Нужно добавить, что в Швейцарии я заснял десять кинопленок на свою любительскую кинокамеру 'Аврора'. Меня заразил кинолюбительством в 1967 году начальник смены соседнего цеха Назаров Александр Изосимович. В то время у него созрела мысль снять фильм 'Один день секретаря парткома' про выходца из нашего когда-то совместного цеха ДК 1-3 Грачева. Я даже заинтересовался написанием сценария, стал покупать литературу про любительские фильмы, а затем как раз перед туристической поездкой купил себе кинокамеру 'Аврору' за 70 рублей. К сожалению, пять кинопленок не получились, они были с вещами в багажном отделении и оказались засвечены, полагаю, что это сделано было спецслужбой (просто не вижу другой причины). Остальные пять коробочек я нес в кармане костюма, и они сохранились, я проявил их и долго еще смотрел на своих товарищей по далекой Швейцарии, цветущие сады весеннего Цюриха, мрачный дом, где жил Байрон у Женевского озера, да еще многое другое.
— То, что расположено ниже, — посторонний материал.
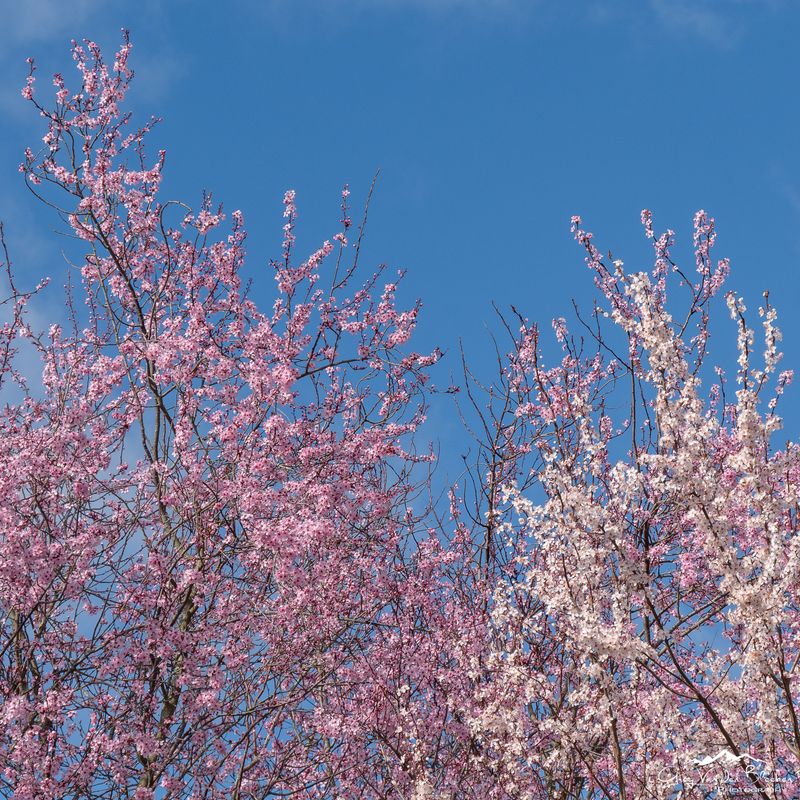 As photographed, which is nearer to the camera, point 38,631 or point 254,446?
point 38,631

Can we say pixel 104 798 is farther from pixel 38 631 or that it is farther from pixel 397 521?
pixel 397 521

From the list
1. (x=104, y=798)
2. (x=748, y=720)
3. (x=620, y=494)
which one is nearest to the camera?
(x=748, y=720)

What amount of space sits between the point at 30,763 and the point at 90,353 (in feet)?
15.6

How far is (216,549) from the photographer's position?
9109 millimetres

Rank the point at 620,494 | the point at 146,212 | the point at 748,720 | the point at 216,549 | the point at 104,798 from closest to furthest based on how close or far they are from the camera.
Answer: the point at 748,720 < the point at 620,494 < the point at 104,798 < the point at 216,549 < the point at 146,212

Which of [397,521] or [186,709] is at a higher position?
[397,521]

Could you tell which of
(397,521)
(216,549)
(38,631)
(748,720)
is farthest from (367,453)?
(748,720)

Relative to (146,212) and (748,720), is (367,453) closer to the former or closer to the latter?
(146,212)

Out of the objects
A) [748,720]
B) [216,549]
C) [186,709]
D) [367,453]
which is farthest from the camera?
[367,453]

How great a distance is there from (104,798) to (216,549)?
7.58 feet

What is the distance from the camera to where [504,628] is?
8484mm

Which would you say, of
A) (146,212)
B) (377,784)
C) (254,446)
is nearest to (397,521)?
(254,446)

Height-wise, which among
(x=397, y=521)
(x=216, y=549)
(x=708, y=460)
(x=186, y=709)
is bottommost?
(x=186, y=709)

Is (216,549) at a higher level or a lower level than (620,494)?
higher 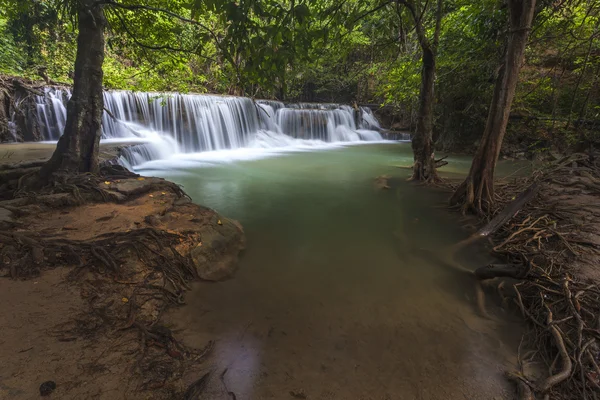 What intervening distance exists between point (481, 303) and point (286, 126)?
668 inches

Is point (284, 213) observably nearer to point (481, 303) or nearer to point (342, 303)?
point (342, 303)

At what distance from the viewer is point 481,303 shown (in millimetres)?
3225

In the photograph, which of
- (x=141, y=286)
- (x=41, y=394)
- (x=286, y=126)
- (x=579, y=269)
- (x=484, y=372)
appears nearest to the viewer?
(x=41, y=394)

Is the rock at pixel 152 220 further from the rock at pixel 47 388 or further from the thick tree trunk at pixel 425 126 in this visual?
the thick tree trunk at pixel 425 126

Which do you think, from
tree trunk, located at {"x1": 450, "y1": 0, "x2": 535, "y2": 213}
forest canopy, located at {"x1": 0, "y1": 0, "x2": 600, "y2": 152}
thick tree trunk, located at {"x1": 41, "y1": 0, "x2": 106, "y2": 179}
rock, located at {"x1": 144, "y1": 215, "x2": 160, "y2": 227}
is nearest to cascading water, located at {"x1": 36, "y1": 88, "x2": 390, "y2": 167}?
forest canopy, located at {"x1": 0, "y1": 0, "x2": 600, "y2": 152}

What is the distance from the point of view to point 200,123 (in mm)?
14438

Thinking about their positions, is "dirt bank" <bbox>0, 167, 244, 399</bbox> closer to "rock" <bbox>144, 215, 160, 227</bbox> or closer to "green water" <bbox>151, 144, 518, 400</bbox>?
"rock" <bbox>144, 215, 160, 227</bbox>

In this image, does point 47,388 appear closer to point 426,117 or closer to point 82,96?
point 82,96

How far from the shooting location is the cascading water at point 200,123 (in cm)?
1075

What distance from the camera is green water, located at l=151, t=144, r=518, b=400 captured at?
7.28 ft

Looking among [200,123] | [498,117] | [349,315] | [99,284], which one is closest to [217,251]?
[99,284]

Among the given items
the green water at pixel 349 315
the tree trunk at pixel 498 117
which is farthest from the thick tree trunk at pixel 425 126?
the green water at pixel 349 315

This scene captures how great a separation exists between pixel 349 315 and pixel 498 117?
4188 mm

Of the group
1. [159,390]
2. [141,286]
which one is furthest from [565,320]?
Result: [141,286] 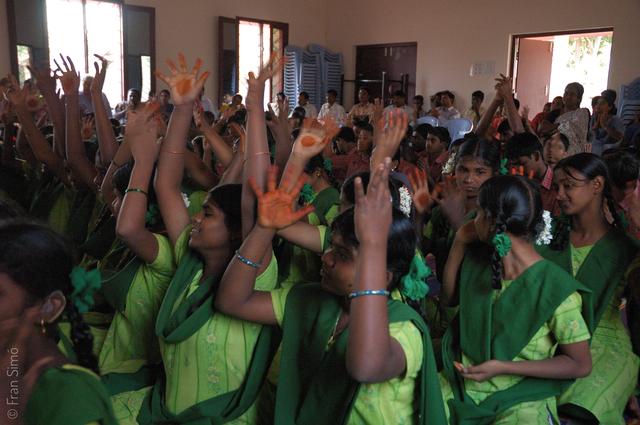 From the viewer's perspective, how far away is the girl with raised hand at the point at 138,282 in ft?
5.91

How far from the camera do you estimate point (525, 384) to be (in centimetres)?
171

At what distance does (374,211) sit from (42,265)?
24.7 inches

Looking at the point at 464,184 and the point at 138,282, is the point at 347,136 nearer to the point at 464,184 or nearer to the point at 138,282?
the point at 464,184

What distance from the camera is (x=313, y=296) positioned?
60.5 inches

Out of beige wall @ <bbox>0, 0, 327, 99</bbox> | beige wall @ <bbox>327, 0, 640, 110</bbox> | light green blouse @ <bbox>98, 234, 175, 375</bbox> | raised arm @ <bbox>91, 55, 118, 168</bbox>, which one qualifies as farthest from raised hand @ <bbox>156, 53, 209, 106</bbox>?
beige wall @ <bbox>0, 0, 327, 99</bbox>

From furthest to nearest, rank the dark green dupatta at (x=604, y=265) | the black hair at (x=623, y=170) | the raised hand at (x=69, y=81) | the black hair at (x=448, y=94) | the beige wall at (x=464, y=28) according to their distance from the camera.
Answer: the black hair at (x=448, y=94)
the beige wall at (x=464, y=28)
the raised hand at (x=69, y=81)
the black hair at (x=623, y=170)
the dark green dupatta at (x=604, y=265)

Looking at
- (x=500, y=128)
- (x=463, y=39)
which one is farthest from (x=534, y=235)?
(x=463, y=39)

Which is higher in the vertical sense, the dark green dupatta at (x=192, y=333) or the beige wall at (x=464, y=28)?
the beige wall at (x=464, y=28)

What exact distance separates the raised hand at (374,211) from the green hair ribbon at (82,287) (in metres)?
0.51

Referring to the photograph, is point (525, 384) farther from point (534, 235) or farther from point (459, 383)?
point (534, 235)

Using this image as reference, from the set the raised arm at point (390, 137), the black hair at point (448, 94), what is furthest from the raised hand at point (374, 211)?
the black hair at point (448, 94)

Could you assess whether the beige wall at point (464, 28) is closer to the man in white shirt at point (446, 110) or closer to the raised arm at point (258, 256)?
the man in white shirt at point (446, 110)

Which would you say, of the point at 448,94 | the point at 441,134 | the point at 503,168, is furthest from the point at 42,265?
the point at 448,94

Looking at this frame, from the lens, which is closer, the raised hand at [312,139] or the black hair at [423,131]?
the raised hand at [312,139] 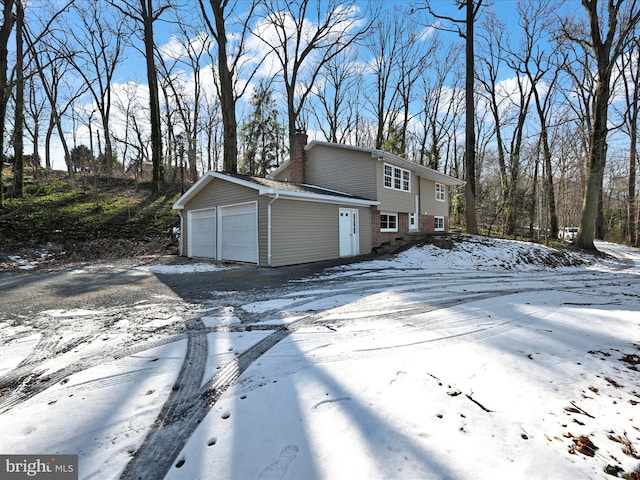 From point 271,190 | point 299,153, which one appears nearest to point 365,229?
point 299,153

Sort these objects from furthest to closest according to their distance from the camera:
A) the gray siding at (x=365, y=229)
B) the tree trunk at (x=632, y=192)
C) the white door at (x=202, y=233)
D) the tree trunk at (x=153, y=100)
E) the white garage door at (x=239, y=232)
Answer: the tree trunk at (x=632, y=192)
the tree trunk at (x=153, y=100)
the gray siding at (x=365, y=229)
the white door at (x=202, y=233)
the white garage door at (x=239, y=232)

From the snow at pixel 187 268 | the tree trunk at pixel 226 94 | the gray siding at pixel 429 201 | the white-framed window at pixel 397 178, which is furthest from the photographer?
the gray siding at pixel 429 201

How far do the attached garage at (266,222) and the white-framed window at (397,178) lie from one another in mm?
2062

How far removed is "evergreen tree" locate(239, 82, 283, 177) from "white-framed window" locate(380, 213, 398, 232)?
14.2m

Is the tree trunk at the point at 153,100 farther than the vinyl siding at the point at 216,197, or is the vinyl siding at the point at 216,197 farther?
the tree trunk at the point at 153,100

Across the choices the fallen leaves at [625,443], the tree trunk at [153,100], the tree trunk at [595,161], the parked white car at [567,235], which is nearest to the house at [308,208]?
the tree trunk at [595,161]

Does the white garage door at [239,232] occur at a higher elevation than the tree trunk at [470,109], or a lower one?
lower

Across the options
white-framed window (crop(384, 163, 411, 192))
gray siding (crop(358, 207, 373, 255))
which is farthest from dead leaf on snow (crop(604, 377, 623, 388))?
white-framed window (crop(384, 163, 411, 192))

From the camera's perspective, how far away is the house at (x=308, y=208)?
429 inches

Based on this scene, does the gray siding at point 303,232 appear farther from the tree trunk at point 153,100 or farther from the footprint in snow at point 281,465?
the tree trunk at point 153,100

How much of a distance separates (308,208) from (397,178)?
258 inches

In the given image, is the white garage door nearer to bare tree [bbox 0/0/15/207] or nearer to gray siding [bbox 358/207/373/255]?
gray siding [bbox 358/207/373/255]

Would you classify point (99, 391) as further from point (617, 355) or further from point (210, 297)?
point (617, 355)

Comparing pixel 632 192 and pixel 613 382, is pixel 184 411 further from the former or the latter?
pixel 632 192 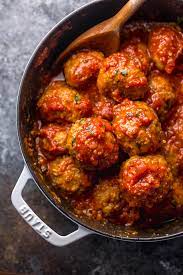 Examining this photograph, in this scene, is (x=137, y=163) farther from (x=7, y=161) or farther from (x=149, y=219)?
(x=7, y=161)

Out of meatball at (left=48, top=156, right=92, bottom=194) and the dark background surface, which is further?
the dark background surface

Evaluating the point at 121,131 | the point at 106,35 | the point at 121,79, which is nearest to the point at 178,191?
the point at 121,131

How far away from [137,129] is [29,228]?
1.25 meters

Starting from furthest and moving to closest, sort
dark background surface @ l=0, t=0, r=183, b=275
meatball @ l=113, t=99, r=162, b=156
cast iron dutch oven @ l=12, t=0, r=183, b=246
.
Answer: dark background surface @ l=0, t=0, r=183, b=275 → cast iron dutch oven @ l=12, t=0, r=183, b=246 → meatball @ l=113, t=99, r=162, b=156

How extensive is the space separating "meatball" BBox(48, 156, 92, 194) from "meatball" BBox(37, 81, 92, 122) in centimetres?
28

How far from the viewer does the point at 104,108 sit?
11.2 feet

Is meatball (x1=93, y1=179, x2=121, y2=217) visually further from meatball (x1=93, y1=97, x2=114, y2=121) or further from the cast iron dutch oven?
meatball (x1=93, y1=97, x2=114, y2=121)

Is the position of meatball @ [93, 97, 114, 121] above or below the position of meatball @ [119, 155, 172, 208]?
above

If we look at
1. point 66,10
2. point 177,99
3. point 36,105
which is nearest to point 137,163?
point 177,99

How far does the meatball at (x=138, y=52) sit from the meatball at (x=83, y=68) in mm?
201

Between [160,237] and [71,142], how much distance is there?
851 millimetres

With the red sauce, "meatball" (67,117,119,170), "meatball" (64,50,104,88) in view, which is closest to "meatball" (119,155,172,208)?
the red sauce


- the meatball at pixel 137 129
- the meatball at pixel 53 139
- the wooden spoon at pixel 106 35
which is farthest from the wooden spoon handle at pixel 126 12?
the meatball at pixel 53 139

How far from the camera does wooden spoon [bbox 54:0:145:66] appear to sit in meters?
3.34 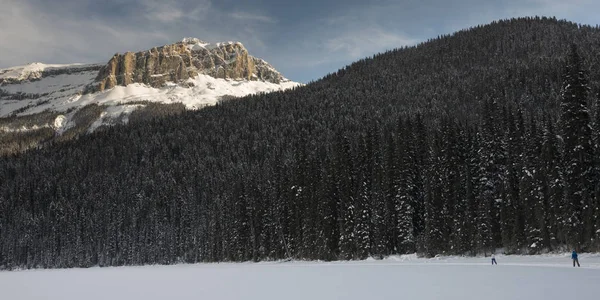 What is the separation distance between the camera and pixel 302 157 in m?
77.4

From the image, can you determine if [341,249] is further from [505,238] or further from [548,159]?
[548,159]

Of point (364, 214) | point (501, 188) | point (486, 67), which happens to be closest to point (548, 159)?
point (501, 188)

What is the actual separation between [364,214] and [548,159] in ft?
73.6

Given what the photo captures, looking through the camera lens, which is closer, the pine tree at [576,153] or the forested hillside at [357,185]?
the pine tree at [576,153]

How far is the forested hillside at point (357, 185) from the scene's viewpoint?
44.9 m

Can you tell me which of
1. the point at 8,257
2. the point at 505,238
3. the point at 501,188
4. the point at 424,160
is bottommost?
the point at 8,257

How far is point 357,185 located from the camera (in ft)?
216

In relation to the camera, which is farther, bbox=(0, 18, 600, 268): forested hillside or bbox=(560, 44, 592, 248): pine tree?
bbox=(0, 18, 600, 268): forested hillside

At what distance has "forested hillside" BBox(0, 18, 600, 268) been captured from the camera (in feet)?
147

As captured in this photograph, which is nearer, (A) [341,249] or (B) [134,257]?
(A) [341,249]

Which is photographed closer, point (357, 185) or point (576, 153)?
point (576, 153)

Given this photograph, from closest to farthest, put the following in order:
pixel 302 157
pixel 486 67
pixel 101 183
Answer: pixel 302 157, pixel 101 183, pixel 486 67

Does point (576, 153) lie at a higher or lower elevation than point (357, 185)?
higher

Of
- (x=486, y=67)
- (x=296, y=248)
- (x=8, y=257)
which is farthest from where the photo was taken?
(x=486, y=67) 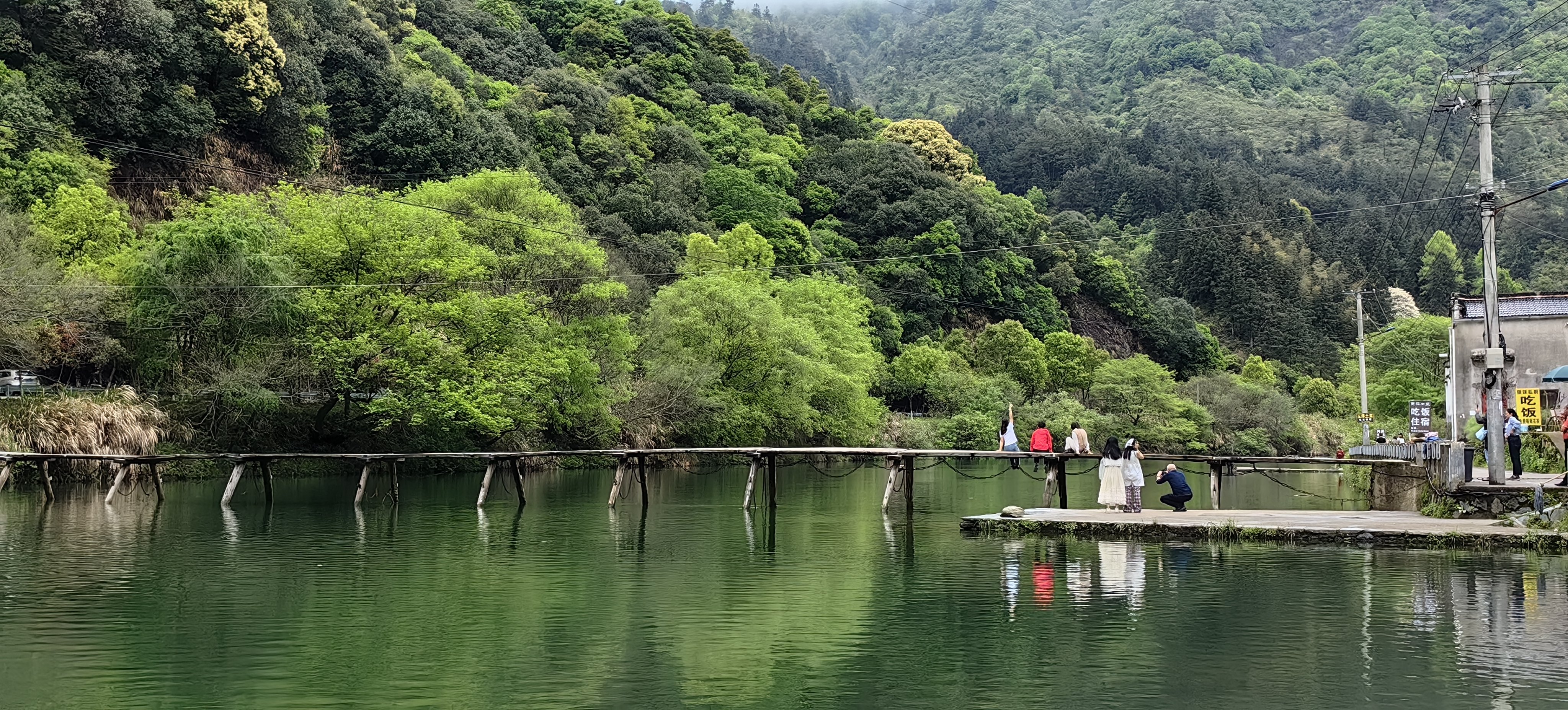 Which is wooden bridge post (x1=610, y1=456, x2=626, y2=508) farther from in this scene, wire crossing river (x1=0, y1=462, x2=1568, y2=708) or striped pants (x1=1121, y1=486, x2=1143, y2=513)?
striped pants (x1=1121, y1=486, x2=1143, y2=513)

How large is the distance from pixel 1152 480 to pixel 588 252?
22.1 m

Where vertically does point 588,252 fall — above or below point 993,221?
below

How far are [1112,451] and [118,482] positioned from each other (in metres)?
23.1

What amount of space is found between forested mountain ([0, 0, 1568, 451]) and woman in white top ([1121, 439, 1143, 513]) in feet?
71.7

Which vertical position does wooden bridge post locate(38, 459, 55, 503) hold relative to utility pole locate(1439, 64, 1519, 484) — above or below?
below

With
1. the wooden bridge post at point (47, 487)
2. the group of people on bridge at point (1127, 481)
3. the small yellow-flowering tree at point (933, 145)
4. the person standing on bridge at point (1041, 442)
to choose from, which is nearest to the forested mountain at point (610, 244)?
the small yellow-flowering tree at point (933, 145)

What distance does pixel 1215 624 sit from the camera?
15492 mm

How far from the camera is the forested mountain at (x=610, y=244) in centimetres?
4216

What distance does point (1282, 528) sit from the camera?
2353 centimetres

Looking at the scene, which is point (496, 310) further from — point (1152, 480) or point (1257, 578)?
point (1257, 578)

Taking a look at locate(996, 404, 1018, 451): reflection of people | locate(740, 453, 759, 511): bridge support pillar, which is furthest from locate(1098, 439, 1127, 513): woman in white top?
locate(740, 453, 759, 511): bridge support pillar

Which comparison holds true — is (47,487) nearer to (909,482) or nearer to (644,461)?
(644,461)

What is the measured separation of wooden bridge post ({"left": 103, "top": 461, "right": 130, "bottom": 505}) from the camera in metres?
32.9

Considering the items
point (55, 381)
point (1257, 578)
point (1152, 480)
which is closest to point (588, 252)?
point (55, 381) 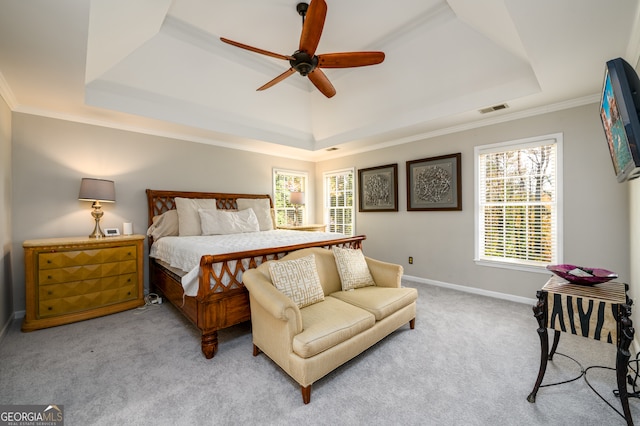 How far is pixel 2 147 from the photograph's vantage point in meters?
2.78

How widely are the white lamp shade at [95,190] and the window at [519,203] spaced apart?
201 inches

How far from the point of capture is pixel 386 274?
9.69 feet

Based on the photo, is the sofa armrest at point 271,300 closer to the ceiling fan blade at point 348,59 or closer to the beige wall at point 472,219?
the ceiling fan blade at point 348,59

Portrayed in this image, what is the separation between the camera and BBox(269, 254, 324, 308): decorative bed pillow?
2.29 metres

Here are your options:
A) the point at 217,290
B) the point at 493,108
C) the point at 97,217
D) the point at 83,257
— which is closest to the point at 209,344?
the point at 217,290

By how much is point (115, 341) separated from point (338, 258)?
2.37 meters

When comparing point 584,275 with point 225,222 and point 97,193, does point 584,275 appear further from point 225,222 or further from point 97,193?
point 97,193

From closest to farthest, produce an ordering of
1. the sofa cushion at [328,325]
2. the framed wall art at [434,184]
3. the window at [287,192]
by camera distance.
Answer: the sofa cushion at [328,325] → the framed wall art at [434,184] → the window at [287,192]

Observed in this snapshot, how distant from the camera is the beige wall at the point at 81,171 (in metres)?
3.20

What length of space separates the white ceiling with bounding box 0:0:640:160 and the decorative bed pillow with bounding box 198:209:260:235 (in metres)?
1.34

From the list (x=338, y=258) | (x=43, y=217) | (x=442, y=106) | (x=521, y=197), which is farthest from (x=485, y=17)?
(x=43, y=217)

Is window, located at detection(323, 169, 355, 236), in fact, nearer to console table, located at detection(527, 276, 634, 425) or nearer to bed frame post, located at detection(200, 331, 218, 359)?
bed frame post, located at detection(200, 331, 218, 359)

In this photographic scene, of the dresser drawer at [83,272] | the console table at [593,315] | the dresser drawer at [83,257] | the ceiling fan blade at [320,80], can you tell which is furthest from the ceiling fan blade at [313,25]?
the dresser drawer at [83,272]

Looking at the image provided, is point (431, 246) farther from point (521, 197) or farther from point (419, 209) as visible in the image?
point (521, 197) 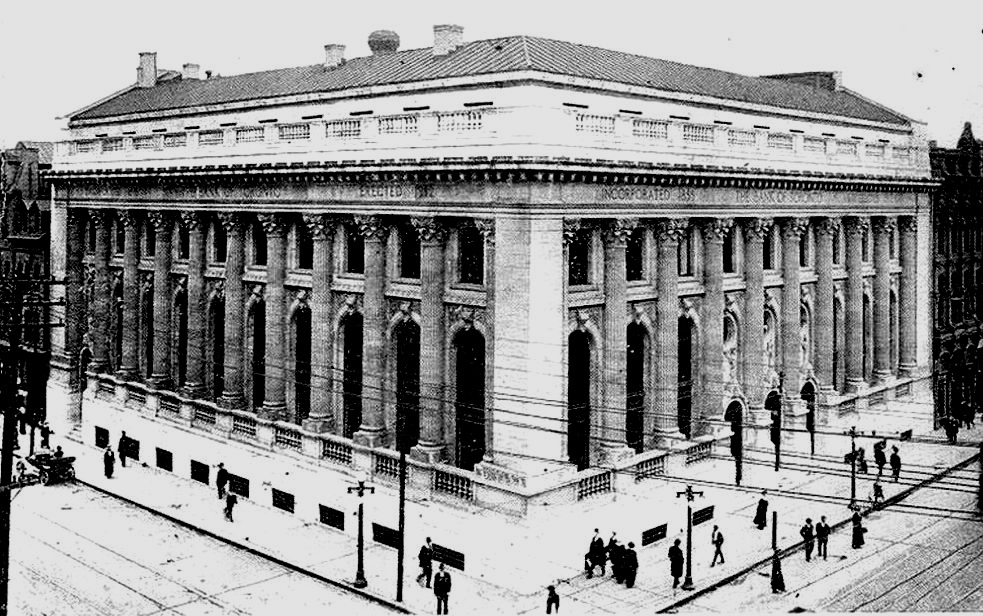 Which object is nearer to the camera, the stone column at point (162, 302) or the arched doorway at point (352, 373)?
the arched doorway at point (352, 373)

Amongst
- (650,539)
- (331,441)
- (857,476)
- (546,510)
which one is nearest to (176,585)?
(331,441)

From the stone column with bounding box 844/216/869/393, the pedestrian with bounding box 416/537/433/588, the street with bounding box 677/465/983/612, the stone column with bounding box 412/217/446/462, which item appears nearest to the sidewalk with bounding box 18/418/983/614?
the pedestrian with bounding box 416/537/433/588

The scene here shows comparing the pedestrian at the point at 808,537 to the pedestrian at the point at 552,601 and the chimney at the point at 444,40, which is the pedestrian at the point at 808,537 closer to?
the pedestrian at the point at 552,601

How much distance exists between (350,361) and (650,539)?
1321 cm

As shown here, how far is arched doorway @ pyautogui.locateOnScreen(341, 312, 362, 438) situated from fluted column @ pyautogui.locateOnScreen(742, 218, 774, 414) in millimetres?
15946

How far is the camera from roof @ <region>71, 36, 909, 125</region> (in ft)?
131

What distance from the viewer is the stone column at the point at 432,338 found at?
119ft

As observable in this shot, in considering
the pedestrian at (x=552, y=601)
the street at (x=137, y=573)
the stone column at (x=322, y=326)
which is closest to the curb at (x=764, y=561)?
the pedestrian at (x=552, y=601)

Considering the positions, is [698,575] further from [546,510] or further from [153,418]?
[153,418]

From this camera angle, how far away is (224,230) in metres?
46.5

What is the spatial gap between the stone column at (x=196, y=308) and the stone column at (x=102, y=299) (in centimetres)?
842

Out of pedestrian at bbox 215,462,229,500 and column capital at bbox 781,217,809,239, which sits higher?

Со временем кинопленки сильно выцвели, а затем и кинопроектор сломался. На смену кинопленке пришла видеопленка, но перевести с одной на другую у меня никогда не будет возможности. Все осталось только в памяти, да на бумаге.
Уже по приезде в Ефремов я в комитете комсомола довольно подробно рассказал о поездке. Володя Юрасов заинтересовался Славиным:
– Да ведь Левку Славина я хорошо знаю, он у нас в Швеции группу возглавлял. А затем его от руководства туристическими группами отстранили, потому что там парень один остался. Собираемся мы в отеле домой в последний день, нам улетать уже через два часа из Стокгольма, смотрим: Пашка пропал. Так и не нашли, а он уже после в аэропорт позвонил, попрощался, сказал, что попросил политического убежища. Значит, простили Левку? Но раньше он работал в центральном аппарате ВЛКСМ, а сейчас очутился в Обкоме, значит, понизили...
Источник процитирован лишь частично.